The setup for queues, etc, is about the same.
It is simpler if you allow the server name just default to 'localhost'.
I hope this helps,
Gus Correa
> -----BEGIN PGP SIGNATURE-----
> Version: GnuPG v1.4.11 (GNU/Linux)
> Comment: Using GnuPG with Mozilla - http://enigmail.mozdev.org/
>
> iEYEARECAAYFAk8490EACgkQoYgNqgF2egqJDgCfXYX1gv1i2B/ABAaZjoEtg44C
> awMAniAtzHKb8znKxGmbHJUDOcFs5ohT
> =RUyd
> -----END PGP SIGNATURE-----
>
> _______________________________________________
> torqueusers mailing list
> torqueusers at supercluster.org
> http://www.supercluster.org/mailman/listinfo/torqueusers
From Michael.Zulauf at iberdrolaren.com Mon Feb 13 16:22:36 2012
From: Michael.Zulauf at iberdrolaren.com (Zulauf, Michael)
Date: Mon, 13 Feb 2012 15:22:36 -0800
Subject: [torqueusers] problem with jobs sharing cores
Message-ID:
A big thinks to Ken Nielson, Jim Coyle, and Fotis Georgatos - based on
their help I made some significant progress today. I haven't completely
worked out all the details yet, but I've found that by switching to
OpenMPI, I do not get the same problematic behavior. So it seems most
likely that the source of the problem has something to do with a
configuration detail of our mvapich2 installation.

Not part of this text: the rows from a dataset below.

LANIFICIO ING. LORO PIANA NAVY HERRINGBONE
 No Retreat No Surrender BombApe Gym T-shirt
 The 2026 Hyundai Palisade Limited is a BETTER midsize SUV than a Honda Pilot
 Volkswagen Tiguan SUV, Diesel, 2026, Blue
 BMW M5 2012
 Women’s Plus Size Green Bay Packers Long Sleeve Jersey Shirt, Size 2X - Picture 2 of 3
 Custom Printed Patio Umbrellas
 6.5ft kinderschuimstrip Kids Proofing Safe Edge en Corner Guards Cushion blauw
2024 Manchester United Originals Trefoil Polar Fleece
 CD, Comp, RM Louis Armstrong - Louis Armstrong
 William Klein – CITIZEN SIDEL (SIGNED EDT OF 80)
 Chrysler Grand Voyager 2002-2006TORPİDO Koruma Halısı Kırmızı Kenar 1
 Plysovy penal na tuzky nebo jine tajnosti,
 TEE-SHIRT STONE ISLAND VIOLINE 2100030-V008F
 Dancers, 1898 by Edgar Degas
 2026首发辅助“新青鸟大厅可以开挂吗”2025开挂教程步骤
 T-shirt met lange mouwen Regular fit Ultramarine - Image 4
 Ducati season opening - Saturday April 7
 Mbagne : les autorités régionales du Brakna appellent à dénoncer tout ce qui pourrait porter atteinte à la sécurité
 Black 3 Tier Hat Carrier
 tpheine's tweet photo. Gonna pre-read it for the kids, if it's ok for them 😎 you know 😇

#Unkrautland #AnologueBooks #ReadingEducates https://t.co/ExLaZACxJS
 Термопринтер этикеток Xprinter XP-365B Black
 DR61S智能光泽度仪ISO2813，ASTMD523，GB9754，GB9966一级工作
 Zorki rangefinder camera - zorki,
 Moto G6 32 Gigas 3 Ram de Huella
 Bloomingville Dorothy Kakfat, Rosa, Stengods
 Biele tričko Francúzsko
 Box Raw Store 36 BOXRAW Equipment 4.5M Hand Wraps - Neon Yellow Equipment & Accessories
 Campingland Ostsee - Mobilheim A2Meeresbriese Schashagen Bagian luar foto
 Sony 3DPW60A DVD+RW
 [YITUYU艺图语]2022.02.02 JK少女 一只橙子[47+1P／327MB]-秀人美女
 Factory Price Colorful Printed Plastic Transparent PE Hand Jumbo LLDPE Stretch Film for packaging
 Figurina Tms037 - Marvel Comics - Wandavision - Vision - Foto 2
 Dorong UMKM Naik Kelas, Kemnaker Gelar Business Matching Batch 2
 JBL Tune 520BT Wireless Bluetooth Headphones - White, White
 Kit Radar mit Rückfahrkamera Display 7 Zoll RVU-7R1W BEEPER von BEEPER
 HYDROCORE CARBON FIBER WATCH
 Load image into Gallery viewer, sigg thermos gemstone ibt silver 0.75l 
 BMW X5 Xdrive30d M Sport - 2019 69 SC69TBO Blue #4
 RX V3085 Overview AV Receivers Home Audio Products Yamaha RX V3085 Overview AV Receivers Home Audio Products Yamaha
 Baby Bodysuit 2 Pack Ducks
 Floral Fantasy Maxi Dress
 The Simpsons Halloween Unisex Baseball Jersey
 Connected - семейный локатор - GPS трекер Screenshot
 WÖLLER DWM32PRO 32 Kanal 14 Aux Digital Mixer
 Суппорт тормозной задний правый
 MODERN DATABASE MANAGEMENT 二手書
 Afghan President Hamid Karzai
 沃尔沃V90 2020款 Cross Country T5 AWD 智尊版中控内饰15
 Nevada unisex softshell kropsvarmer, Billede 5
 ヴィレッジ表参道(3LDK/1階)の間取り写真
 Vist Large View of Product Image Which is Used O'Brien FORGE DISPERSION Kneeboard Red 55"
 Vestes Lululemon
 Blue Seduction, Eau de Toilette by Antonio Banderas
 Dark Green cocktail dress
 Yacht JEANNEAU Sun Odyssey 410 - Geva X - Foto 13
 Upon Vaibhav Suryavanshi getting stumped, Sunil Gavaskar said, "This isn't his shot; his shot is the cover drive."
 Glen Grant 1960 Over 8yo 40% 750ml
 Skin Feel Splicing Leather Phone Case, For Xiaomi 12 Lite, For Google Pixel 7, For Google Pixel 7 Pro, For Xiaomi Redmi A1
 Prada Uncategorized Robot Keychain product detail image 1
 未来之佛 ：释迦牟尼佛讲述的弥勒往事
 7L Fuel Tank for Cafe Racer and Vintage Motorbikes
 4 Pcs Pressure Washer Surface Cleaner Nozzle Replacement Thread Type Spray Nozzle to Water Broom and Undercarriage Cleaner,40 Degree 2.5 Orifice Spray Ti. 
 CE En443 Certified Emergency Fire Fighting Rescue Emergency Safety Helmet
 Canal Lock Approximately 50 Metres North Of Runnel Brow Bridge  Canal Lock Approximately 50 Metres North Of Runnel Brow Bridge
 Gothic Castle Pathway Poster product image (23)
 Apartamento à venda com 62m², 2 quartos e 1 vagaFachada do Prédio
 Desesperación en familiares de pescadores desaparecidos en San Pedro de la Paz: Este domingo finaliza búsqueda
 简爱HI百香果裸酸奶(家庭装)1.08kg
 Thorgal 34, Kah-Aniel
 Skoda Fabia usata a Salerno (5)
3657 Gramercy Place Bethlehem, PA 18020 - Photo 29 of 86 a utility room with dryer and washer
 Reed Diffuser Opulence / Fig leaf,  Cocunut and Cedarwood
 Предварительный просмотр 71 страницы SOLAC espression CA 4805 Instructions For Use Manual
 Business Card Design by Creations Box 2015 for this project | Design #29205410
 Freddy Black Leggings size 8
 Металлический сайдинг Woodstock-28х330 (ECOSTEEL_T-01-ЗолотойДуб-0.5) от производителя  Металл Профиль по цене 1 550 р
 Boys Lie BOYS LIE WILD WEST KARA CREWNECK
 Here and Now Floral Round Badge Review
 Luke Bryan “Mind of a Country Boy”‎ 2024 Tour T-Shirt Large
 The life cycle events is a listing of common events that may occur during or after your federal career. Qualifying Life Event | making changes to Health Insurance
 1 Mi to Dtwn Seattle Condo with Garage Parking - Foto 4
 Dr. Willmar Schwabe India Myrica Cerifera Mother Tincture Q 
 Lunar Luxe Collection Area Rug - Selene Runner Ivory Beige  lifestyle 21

According to some earlier benchmarking I'd done, mvapich2 seems to offer
better performance across our infiniband interconnect, so I'd like to
see if I can get to the bottom of the issue with that. Alternatively, I
could use mvapich2 for the "large" jobs (which span multiple nodes), and
use OpenMPI for the "small" jobs (which will share a node with other
jobs). I'd prefer to avoid the "dual MPI" alternative, as then we'd
have to build all executables twice, and some of them are a bit tricky.
Still, I suppose it's an option.
In any case, thanks again. Now maybe I can go haunt the mvapich2 lists,
or at least start trying to dig up the solution in that documentation.
Happy computing,
Mike
--
Mike Zulauf
Meteorologist, Lead Senior
Asset Optimization
Iberdrola Renewables
1125 NW Couch, Suite 700
Portland, OR 97209
Office: 503-478-6304 Cell: 503-913-0403
This message is intended for the exclusive attention of the recipient(s) indicated. Any information contained herein is strictly confidential and privileged. If you are not the intended recipient, please notify us by return e-mail and delete this message from your computer system. Any unauthorized use, reproduction, alteration, filing or sending of this message and/or any attached files may lead to legal action being taken against the party(ies) responsible for said unauthorized use. Any opinion expressed herein is solely that of the author(s) and does not necessarily represent the opinion of the Company. The sender does not guarantee the integrity, speed or safety of this message, and does not accept responsibility for any possible damage arising from the interception, incorporation of viruses, or any other damage as a result of manipulation.
-------------- next part --------------
An HTML attachment was scrubbed...
URL: http://www.supercluster.org/pipermail/torqueusers/attachments/20120213/450d7a4d/attachment-0001.html
From cholam20 at yahoo.co.in Mon Feb 13 22:57:05 2012
From: cholam20 at yahoo.co.in (revathi ganesh)
Date: Tue, 14 Feb 2012 11:27:05 +0530 (IST)
Subject: [torqueusers] this has been your time to shine...
Message-ID: <1329199025.85043.androidMobile@web137305.mail.in.yahoo.com>
it was so difficult living paycheck to paycheck this is the best thing that ever happened to me I had hit an all time low.